Having just returned from a tournament in Las Vegas, where Muirhead piped them on to the ice in front of thousands before they beat all of their most likely challengers in Sochi, she believes they are well set. The dramatic finale to their world championship victory in Riga last year, when they defeated Sweden 6-5 with Muirhead sealing the dramatic last-stone victory, had echoes of Howie's Salt Lake City triumph.
If there is a repeat in Sochi, Muirhead is convinced she will not be fazed. At its most competitive, curling is as much an exercise in handling mental pressure as anything else. "I love playing under pressure. That is the part of the game I love doing well at. So many people have asked what were you thinking before that stone – I have no real idea, it was just like another shot to me. I guess that is why we practise four hours every day – for that one key shot," she says.
Ask Howie to recall once more her gold medal-winning "stone of destiny" in Salt Lake City and you get a remarkably similar answer. "I don't remember the crowd or what people were shouting. I don't remember any of that because I was really focused," she says. She remained unaware of the huge story she had become until their return to Scotland, whereupon she opened a mountain of mail. "One woman jumped out of bed and landed on the cat and killed it. Stories like that. You read it thinking: 'Oh wow.' I had loads of them," says Howie.
For all the pre-Sochi hoopla, Muirhead, who turned her back on a potential career as a professional golfer to dedicate herself to curling, was at a low ebb in 2012 when the sport had its funding cut by 50% after "only" claiming silver at that year's European Championship.
It was watching Jessica Ennis compete in London and seeing the "face of the Games" deal with pressure with such aplomb that redoubled her resolve to carry on with the early starts and gruelling gym sessions that curling now requires. "It was the bit of a boost I needed. When I went there and watched all these athletes and saw the amount of work they put in it really did open my eyes. So I went back and I really busted a gut – after seeing that, you want to do what these guys are doing," she says.
"You want to win medals.
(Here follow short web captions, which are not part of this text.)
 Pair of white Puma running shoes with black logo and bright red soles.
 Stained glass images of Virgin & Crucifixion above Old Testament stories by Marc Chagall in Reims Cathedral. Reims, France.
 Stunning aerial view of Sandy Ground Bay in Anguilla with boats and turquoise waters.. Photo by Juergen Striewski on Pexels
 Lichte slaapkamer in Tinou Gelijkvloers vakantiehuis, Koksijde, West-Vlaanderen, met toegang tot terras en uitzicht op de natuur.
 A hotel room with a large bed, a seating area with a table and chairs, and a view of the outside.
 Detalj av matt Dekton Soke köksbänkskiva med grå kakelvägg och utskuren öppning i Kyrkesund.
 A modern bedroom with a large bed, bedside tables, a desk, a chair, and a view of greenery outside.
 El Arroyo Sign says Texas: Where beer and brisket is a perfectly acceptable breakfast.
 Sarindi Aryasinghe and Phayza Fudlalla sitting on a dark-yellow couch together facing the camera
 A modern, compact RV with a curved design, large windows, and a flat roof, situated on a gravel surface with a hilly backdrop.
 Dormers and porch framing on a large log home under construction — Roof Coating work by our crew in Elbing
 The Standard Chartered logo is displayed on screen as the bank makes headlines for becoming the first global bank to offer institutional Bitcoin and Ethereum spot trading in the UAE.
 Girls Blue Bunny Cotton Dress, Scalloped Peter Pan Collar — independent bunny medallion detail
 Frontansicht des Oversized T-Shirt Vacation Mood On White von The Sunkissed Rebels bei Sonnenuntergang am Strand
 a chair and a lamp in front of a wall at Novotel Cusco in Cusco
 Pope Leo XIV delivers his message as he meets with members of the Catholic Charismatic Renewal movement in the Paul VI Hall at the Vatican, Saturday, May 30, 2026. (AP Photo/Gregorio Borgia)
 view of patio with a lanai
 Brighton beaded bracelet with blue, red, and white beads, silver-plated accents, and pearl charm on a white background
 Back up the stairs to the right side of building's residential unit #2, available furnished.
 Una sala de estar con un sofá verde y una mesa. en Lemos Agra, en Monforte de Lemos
The Olympic medal is the one medal I am missing right now. London was definitely a huge inspiration for me and to watch Jessica in that stadium – the pressure she was under was unbelievable."
In Scotland, where they have had little to shout about in international football for some time, the comparison is not too far wide of the mark. When Muirhead's team won the World Championship, she featured on the front page of eight out of 10 national newspapers. Expect Alex Salmond to take an interest should they make the podium in Sochi.
A "gutted" Muirhead collapsed in tears when her team fell short in Vancouver four years ago but believes she is much better equipped to deal with the demands of the Games this time. "You train hard for a lot of years leading up to that and when your dreams are crushed in the Olympic Games it is tough. But you know what? It is a lesson learned. I learned a lot. I went back and thought about a lot. I changed a lot," she says. "We know how to win major tournaments. We're looking forward to it."